An efficient MapReduce algorighm for parallelizing large-scale graph clustering
MetadataShow full item record
Identifying close-knit communities (or “clusters”) in graphs is an advanced operation with a broad range of scientific applications. While theoretical formulations of this operation are either intractable or computationally prohibitive, practical algorithmic heuristics exist to efficiently tackle the problem. However, implementing these heuristics to work for large real world graphs still remains a significant challenge, owing to a combination of factors that include magnitude of the data, irregular data access patterns and computer-intensive operations to better the approximation.
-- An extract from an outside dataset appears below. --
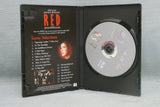 Krzysztof Kieslowski's Three Colors Trilogy: Blue, White & Red - 3 DVDs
In this paper, we propose i) a novel MapReduce-based  algorithm for a well known serial graph clustering heuristic called Shingling ; and ii) a novel application of the method to cluster biological graphs built out of proteins and domains. Operating on an input graph that is simply represented as a list of edges, our algorithm uses a combination of shuffling and sorting operations, and pipelined MapReduce stages to implement the various phases of the algorithm. Preliminary results show linear scaling of the time-dominant phase up to 64 cores on a relatively small real world graph containing 8.41M vertices (8,407,839 proteins and 11,823 domains) and 11M edges (protein to domain connections). More importantly, MapReduce parallelization has allowed us to enhance the problem size reach by about two to three orders of magnitude (from 20K to 8M vertices) relative to our previous serial implementation, in roughly the same amount of time.